Identifying the essential flaws in the widely-used CSS coding format
One of the most perplexing things about cascading style sheets (CSS) is that style sheets are anything but stylish in their markup structure and often even less so in their syntax. It's complex as hell for newcomers because like the English language itself, it's neither intuitive nor consistently sane in its semantics. When you think vertical padding actually refers to the vertical padding, along comes some Einstein of epic proportions to let you know that it actually defines horizontal padding; worse, its percentages aren't relative to the element that you're addressing but the parent element instead.
As you read this, remember that the "ph" in "elephant" is pronounced like an "f", and the "e" at the end of "insane" is as quiet as the "g" in "sign". "Food" and "good" aren't pronounced the same way despite their construction either. See where I'm going with this? CSS is a little too much like our own bitter phonetic.

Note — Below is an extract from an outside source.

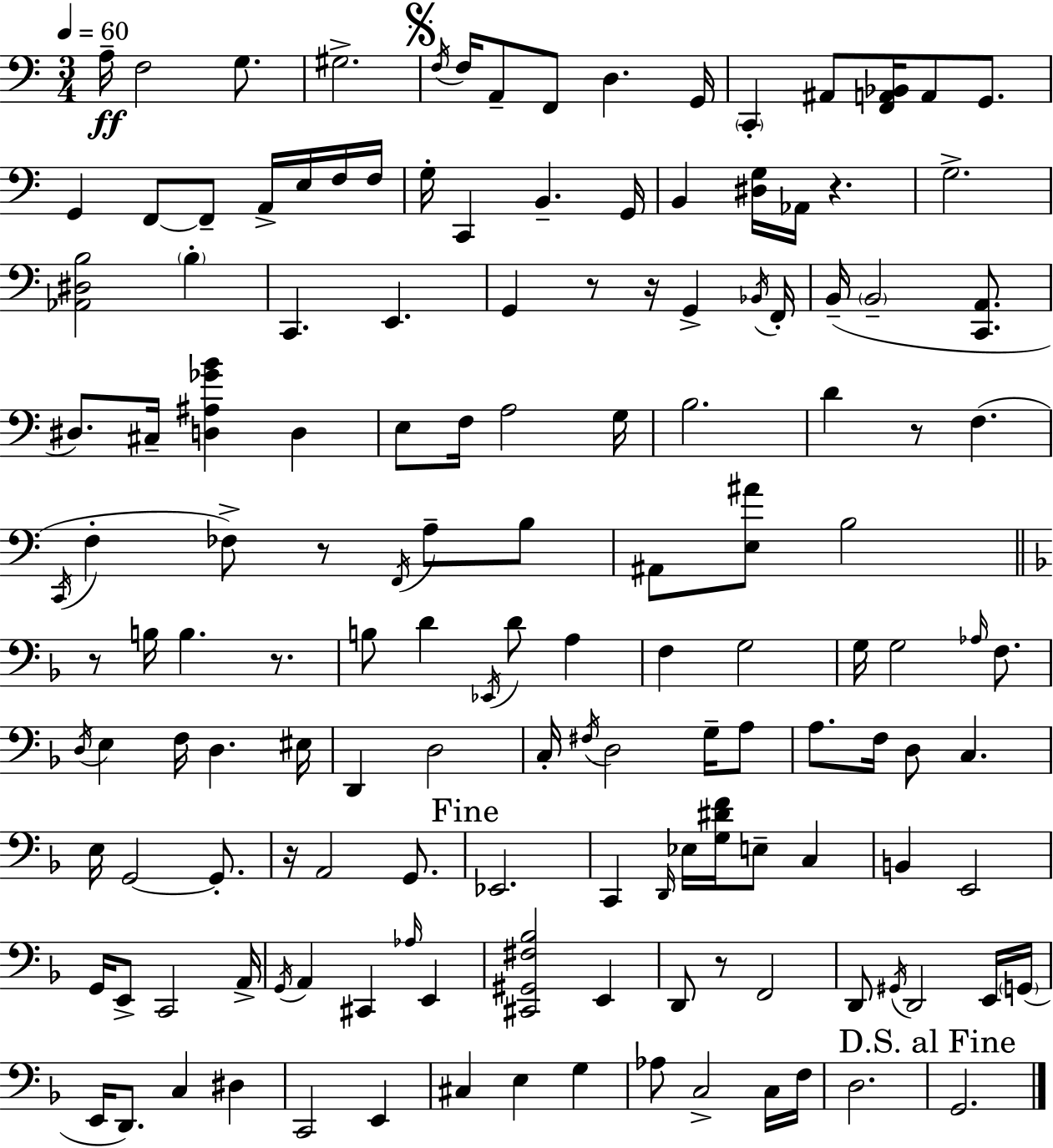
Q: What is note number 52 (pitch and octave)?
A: A3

To make fortune of an unfortunate truth, there's at least one kind soul on the Internet who decided that it was time to lay out a few of the most common unintuitive rules behind spread sheet markup language and help the hopeless bloomers in the vein of web design find their footing. The author goes on to discuss the rules and exceptions to margin overlapping, opacity-based interactions with z-index modifications, custom properties, vertical alignments, height definition woes and more.

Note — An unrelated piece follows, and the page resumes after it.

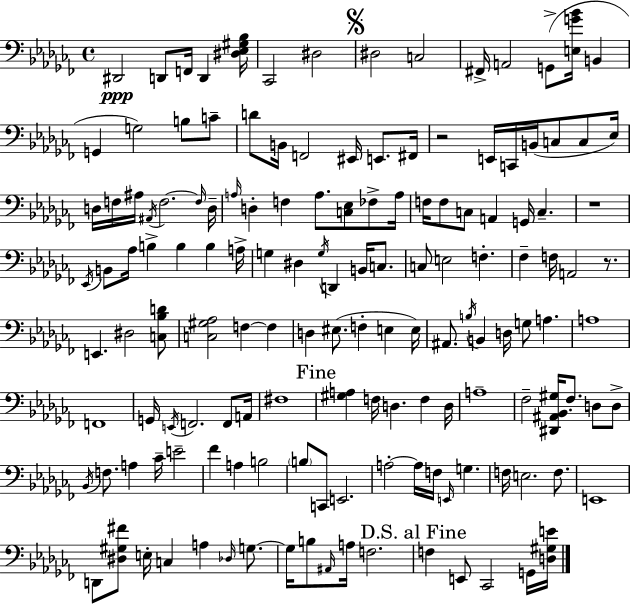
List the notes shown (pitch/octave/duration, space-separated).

D#2/h D2/e F2/s D2/q [D#3,Eb3,G#3,Bb3]/s CES2/h D#3/h D#3/h C3/h F#2/s A2/h G2/e [E3,G4,Bb4]/s B2/q G2/q G3/h B3/e C4/e D4/e B2/s F2/h EIS2/s E2/e. F#2/s R/h E2/s C2/s B2/s C3/e C3/e Eb3/s D3/s F3/s A#3/s A#2/s F3/h. F3/s D3/s A3/s D3/q F3/q A3/e. [C3,Eb3]/e FES3/e A3/s F3/s F3/e C3/e A2/q G2/s C3/q. R/w Eb2/s B2/e Ab3/s B3/q B3/q B3/q A3/s G3/q D#3/q G3/s D2/q B2/s C3/e. C3/e E3/h F3/q. FES3/q F3/s A2/h R/e. E2/q. D#3/h [C3,Bb3,D4]/e [C3,G#3,Ab3]/h F3/q F3/q D3/q EIS3/e. F3/q E3/q E3/s A#2/e. B3/s B2/q D3/s G3/e A3/q. A3/w F2/w G2/s E2/s F2/h. F2/e A2/s F#3/w [G#3,A3]/q F3/s D3/q. F3/q D3/s A3/w FES3/h [D#2,A#2,Bb2,G#3]/s FES3/e. D3/e D3/e Bb2/s F3/e. A3/q CES4/s E4/h FES4/q A3/q B3/h B3/e C2/e E2/h. A3/h A3/s F3/s E2/s G3/q. F3/s E3/h. F3/e. E2/w D2/e [D#3,G#3,F#4]/e E3/s C3/q A3/q Db3/s G3/e. G3/s B3/e A#2/s A3/s F3/h. F3/q E2/e CES2/h G2/s [D3,G#3,E4]/s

The article eventually addresses more than just unduly complicated aspects of CSS; it also lights the way for a few unique, lesser-known or more advanced techniques for achieving desirable effects both simple and complex. Viewers are advised to combine HTML with CSS to achieve hybrid effects that are more difficult or not possible with either language alone. As you move further down the list, the advice expands into more complex or lesser-utilized features that may not interest you as much, but it's still worth mentioning some of the weirdness that goes on underneath the presentable front side of the pages that you create.